*** Block opens ***

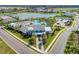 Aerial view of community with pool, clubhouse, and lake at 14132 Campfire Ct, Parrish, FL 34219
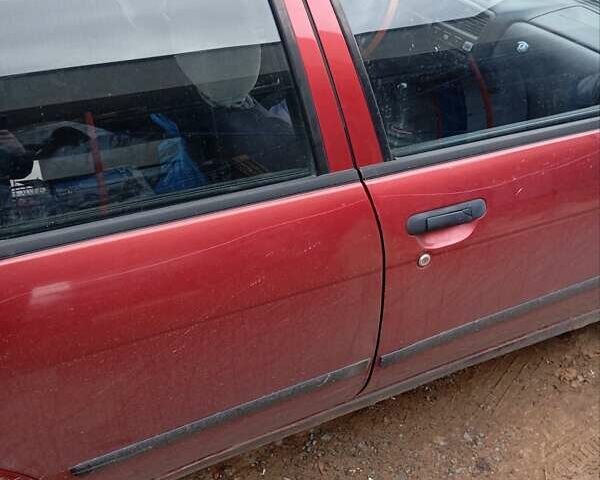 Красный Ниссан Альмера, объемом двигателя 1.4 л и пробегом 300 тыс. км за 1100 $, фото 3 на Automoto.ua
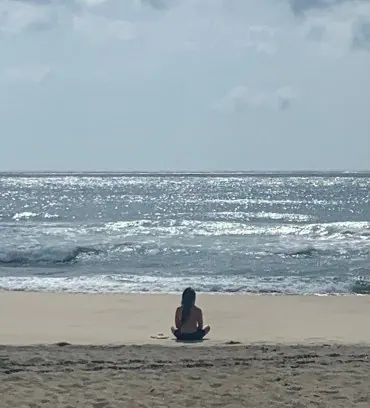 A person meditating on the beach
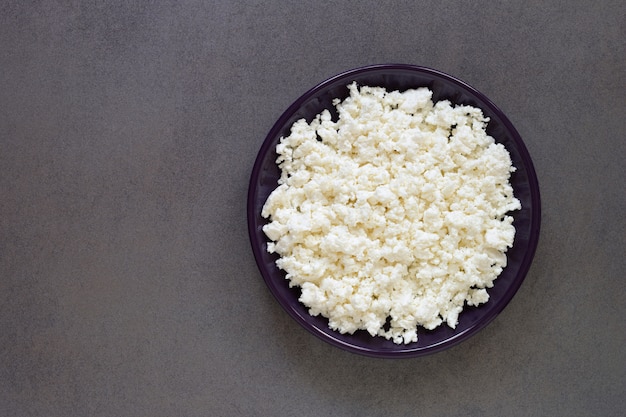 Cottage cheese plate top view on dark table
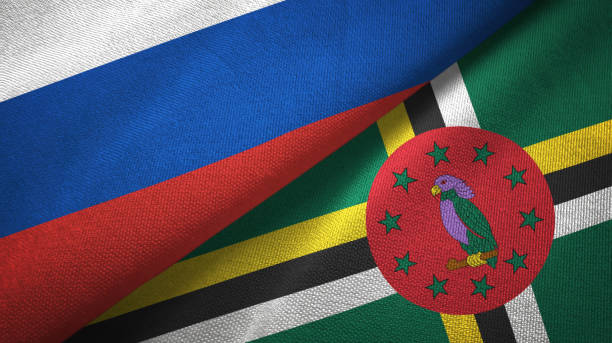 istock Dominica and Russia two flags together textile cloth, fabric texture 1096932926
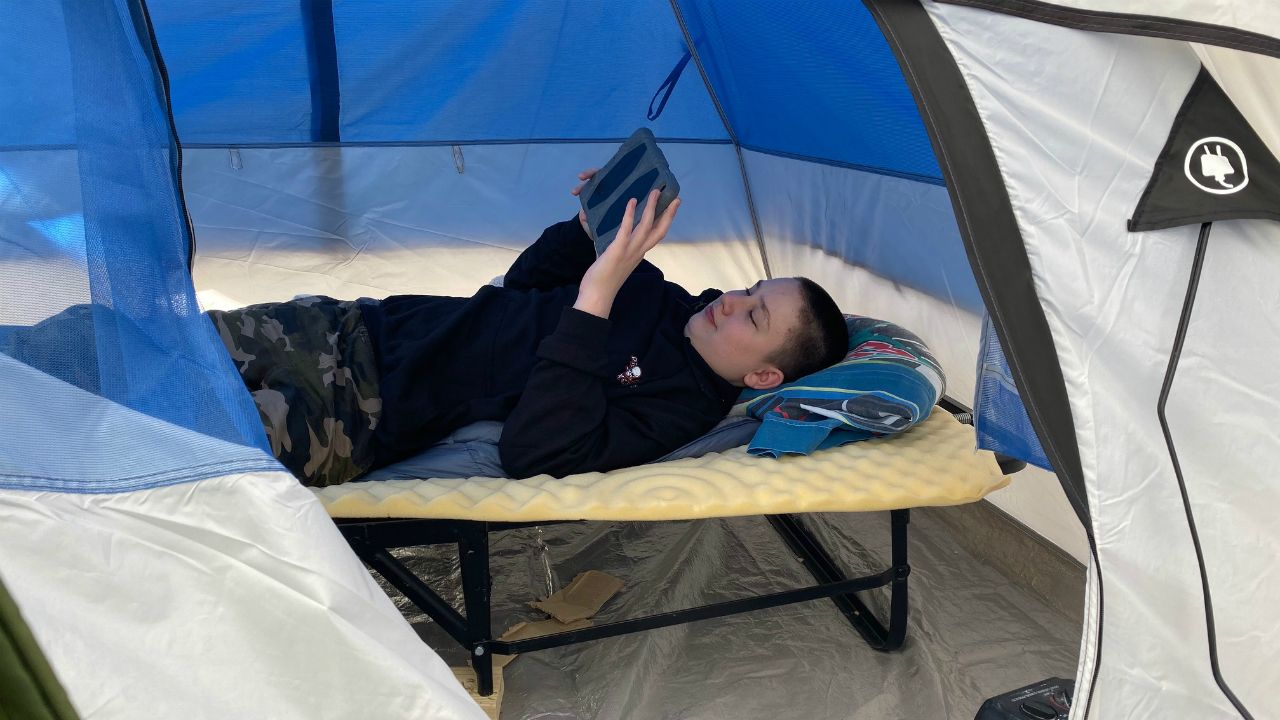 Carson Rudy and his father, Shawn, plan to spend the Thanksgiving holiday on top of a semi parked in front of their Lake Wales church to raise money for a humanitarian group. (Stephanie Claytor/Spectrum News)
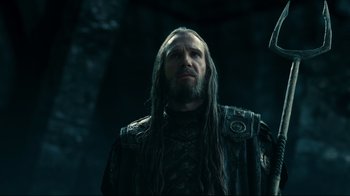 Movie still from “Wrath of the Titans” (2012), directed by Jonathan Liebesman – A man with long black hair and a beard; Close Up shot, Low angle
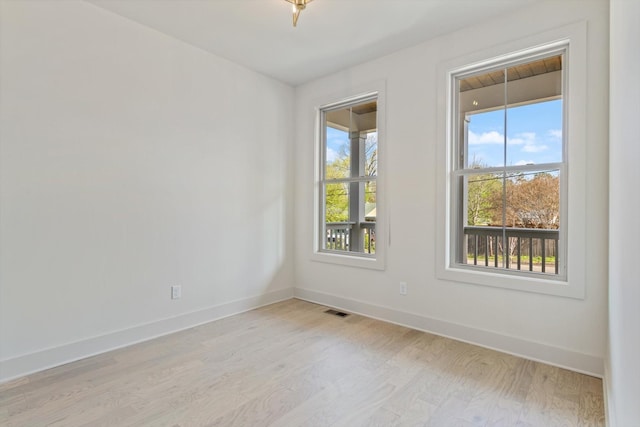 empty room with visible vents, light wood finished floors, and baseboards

*** Block closes ***
*** Block opens ***

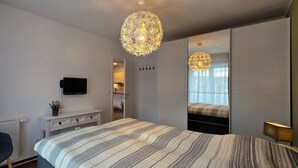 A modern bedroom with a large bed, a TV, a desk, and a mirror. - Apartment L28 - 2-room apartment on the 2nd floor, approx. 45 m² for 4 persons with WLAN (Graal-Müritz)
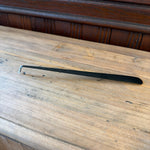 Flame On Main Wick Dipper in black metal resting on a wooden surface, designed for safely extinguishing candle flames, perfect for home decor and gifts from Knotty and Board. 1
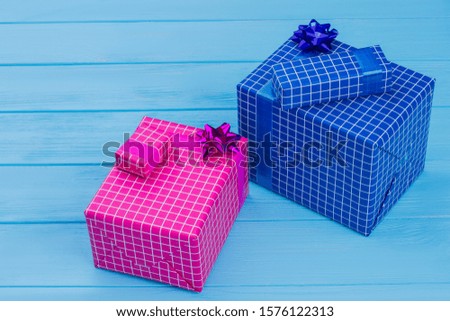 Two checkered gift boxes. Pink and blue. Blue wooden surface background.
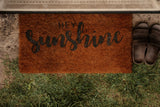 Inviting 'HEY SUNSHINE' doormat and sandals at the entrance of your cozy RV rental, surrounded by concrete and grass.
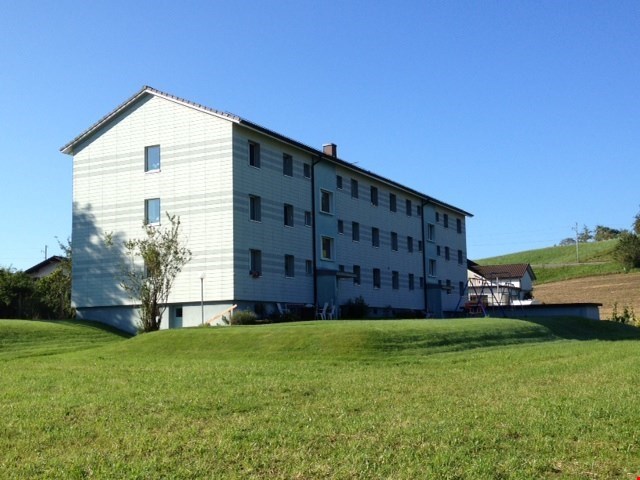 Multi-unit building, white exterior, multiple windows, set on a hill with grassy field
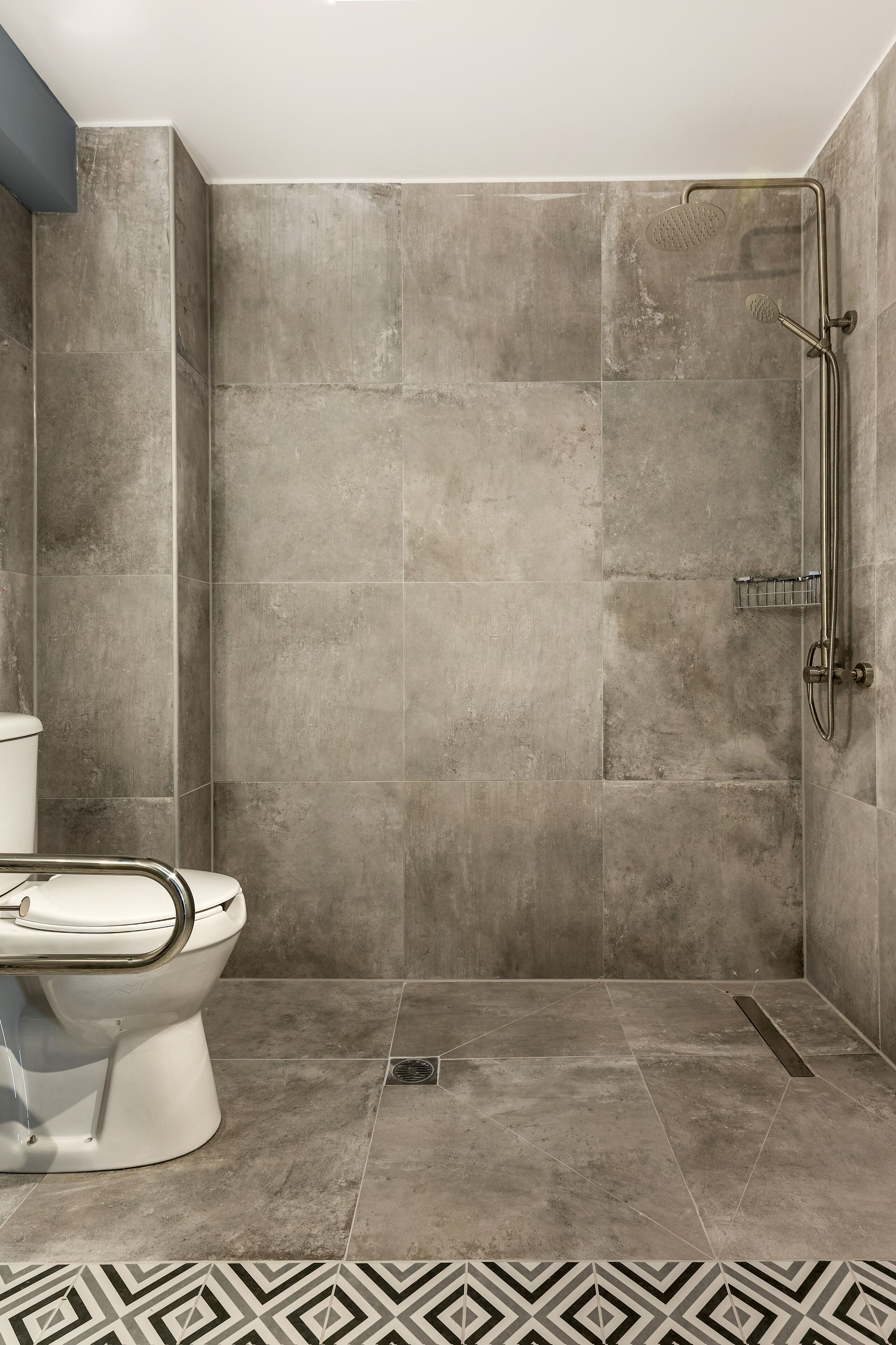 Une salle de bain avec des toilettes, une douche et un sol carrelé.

*** Block closes ***

> _WORK TO COMPLETE_: Having found the line with "Two checkered gift" and the line with "Une salle de" in the material above, write out exactly those two and every line between, leaving the pictures out.

> _SOLUTION_:
 Two checkered gift boxes. Pink and blue. Blue wooden surface background.
 Inviting 'HEY SUNSHINE' doormat and sandals at the entrance of your cozy RV rental, surrounded by concrete and grass.
 Multi-unit building, white exterior, multiple windows, set on a hill with grassy field
 Une salle de bain avec des toilettes, une douche et un sol carrelé.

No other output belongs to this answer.